But I have never found any satisfying reason for this phenomenon of mutual
understanding at the apparent peak of drunkenness.*

I think the extreme effect of alcohol in this case is actually fairly well
known, despite the thought occurred to a friend who managed to turn his own
experience into a undergraduate study, that the evidence is infrequent due to
the required amount of alcohol exceeding most physical tolerances.
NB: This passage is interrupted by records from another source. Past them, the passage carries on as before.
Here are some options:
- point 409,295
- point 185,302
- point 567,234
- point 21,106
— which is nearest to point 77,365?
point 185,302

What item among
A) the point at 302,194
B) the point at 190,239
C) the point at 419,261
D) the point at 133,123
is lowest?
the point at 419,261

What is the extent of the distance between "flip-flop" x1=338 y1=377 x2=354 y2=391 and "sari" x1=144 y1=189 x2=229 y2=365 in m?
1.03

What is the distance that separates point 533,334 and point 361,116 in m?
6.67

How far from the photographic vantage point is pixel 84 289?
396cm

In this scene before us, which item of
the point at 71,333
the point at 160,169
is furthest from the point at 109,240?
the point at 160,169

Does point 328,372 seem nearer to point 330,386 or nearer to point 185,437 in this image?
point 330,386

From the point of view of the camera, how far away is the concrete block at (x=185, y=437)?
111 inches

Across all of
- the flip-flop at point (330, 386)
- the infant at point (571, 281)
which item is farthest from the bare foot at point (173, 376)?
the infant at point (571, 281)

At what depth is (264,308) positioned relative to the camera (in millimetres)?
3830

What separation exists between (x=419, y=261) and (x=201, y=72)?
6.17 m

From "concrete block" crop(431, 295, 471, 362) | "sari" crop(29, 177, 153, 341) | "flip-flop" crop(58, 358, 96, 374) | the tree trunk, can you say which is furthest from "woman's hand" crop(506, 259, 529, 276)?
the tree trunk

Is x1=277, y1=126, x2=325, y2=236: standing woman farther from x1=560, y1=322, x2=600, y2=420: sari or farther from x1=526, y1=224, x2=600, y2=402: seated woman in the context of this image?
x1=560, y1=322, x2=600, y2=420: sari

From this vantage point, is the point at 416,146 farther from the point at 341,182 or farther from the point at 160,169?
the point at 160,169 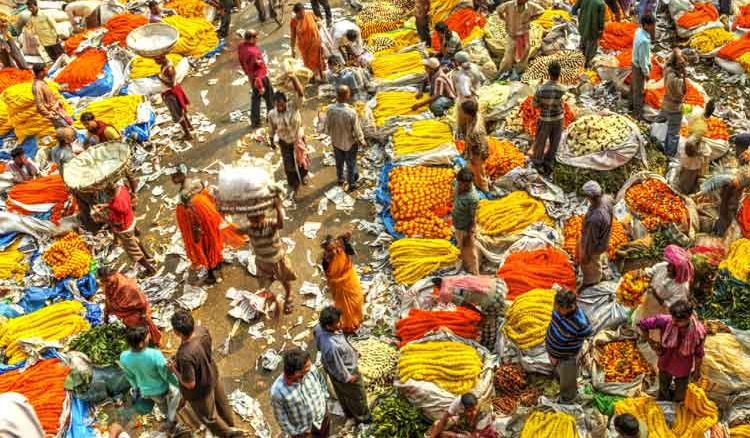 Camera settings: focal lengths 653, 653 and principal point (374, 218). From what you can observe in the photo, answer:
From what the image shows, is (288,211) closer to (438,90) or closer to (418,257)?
(418,257)

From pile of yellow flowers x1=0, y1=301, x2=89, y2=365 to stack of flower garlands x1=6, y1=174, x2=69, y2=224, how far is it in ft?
6.94

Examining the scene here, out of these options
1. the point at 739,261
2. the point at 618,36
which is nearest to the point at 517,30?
the point at 618,36

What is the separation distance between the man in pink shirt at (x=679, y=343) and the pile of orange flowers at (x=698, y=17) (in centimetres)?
796

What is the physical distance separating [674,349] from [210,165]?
7.87 m

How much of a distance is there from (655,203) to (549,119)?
1.83 meters

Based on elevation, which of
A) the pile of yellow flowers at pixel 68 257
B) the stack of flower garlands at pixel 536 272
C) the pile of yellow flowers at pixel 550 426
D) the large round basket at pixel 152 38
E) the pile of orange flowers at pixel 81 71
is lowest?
the pile of yellow flowers at pixel 68 257

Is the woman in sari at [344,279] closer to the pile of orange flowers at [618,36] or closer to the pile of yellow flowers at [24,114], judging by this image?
the pile of yellow flowers at [24,114]

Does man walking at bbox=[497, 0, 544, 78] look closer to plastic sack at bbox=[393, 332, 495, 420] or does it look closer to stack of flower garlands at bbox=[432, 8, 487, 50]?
stack of flower garlands at bbox=[432, 8, 487, 50]

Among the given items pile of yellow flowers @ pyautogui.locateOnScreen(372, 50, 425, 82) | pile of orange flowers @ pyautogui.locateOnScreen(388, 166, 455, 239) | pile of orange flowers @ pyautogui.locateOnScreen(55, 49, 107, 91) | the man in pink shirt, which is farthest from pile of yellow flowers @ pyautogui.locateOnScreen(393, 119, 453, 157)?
pile of orange flowers @ pyautogui.locateOnScreen(55, 49, 107, 91)

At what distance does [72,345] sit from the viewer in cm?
805

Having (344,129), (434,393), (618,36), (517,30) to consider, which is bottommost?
(434,393)

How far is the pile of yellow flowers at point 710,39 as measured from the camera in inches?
459

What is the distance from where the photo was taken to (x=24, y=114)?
11.7m

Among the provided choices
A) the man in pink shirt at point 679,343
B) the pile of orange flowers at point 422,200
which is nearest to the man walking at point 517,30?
the pile of orange flowers at point 422,200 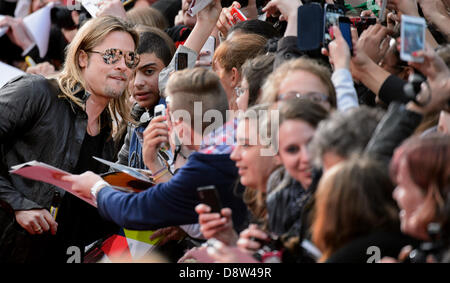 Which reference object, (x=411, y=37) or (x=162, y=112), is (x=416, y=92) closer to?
(x=411, y=37)

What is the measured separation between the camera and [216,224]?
3121 mm

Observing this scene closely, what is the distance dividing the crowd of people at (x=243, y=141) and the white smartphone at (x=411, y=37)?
3cm

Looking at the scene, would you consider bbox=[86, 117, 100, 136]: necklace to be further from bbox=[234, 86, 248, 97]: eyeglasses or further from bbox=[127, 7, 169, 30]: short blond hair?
bbox=[127, 7, 169, 30]: short blond hair

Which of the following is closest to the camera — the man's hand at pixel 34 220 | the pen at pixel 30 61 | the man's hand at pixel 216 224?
the man's hand at pixel 216 224

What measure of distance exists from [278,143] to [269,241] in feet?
1.31

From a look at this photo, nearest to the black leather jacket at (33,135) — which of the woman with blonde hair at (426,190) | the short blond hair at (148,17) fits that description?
the short blond hair at (148,17)

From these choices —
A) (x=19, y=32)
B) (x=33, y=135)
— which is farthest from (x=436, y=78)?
(x=19, y=32)

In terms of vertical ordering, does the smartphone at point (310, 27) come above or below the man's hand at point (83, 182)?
above

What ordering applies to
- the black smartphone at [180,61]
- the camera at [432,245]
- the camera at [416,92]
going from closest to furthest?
the camera at [432,245] → the camera at [416,92] → the black smartphone at [180,61]

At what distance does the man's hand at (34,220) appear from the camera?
459 cm

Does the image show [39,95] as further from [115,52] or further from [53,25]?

I have been convinced without any evidence, since university days, that the
mind can become exceptionally plastic under extreme effect of alcohol.,
[Edited, I left in a section that added nothing so withdrew it] Obviously
little formal study is probably done, but since I have one nagging fear of
failing to discover something so vital in plain sight but missed for sake of
my narrowness in vision, and in my fear of the damage done that stays with me
despite hangover all forgotten, I dearly should love to hear of science in
answer to the phonomenon. Did the unknown language overflow and get routed to
the disused section of my brain that once awaited regional programming and can
utter or at least gurgle every human sound? That might trigger a familiar and
comfortable and safe feeling, the exciting of brain disused since infancy.

------
corpMaverick
Arturo Hernandez teaches this coursera class.

[https://www.coursera.org/learn/bilingual](https://www.coursera.org/learn/bilingual)

------
8bitsrule
One of the virtues of being fluent in two or more languages: many times in my
life I've seen some great opportunities for interpreters.